Stirling rubs her forehead, glancing at me and Quinn. “Are we going to be able to get through this without all-out war between you two?”

The pair of us glare at Stirling.

“I’m serious. We need some agreements. No fucking, no fighting. Fucking leads to fighting, fighting leads to fucking, and we don’t have time for either.” Stirling stares at us both, but neither of us responds.

“So we have a Collector. Who’s next?” The Poisoner says.

Stirling lets out a grunt of irritation.

“That leaves a transport and supplies guy,” I say and turn to Stirling. “You thinking who I’m thinking?”

She nods. “I know this guy, Jacob Jones.”

“And then you said a security and runes specialist?” Quinn asks.

“I’m guessing from the schematics the Queen gave us that the palaces are heavily guarded and, unless the Border Lord has a rune specialist in there, the security systems will be a decade old. Then again, we have no idea what upgrades he may have put in place now.”

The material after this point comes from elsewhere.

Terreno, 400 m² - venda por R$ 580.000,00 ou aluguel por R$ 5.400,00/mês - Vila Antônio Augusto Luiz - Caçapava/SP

“I might,” Quinn says. “Or at least I’ll be able to find out.”

I scowl at her. “How?”

Quinn hesitates. Something flashes through her expression, but it’s gone before I can work out what it was. “My relative works for the Border Lord.”

Stirling can’t have noticed as she rubs her hands together. “Excellent. This is all coming together nicely. And as for the security and runes specialist, I know a girl.”

“Of course you do,” I say.

She throws me a vicious side eye. “I mean… It is my literal job.”

I’m not even dignifying that with a response. “Who’s the girl?”

Quinn is shifting from foot to foot. Rubbing her hands together. What’s her problem?

“You don’t know her. But she’s good. Really, really fucking good. But she’s also constantly in demand, so it’s whether we can get her or not,” Stirling says.

“Okay then, we have a plan and the bones of a team. We’ll start recruiting tomorrow,” I say.

“The Rune specialist…” Quinn starts, and then shakes her head. “Never mind. It can’t be. I heard they weren’t in business anymore. Let’s meet mid-morning outside my shop? I have to open up for my assistant anyway,” Quinn says.

I scan her face, trying to work out what the issue is. I hold my hand out, and Quinn slides hers in to shake on it. Where her skin meets mine, I swear heat pulses into electricity. Stirling places her hand on top of our clasped ones, and we shake. And as we do, I catch that familiar unreadable expression flicker through The Poisoner’s face, and I wonder exactly what it is she’s hiding.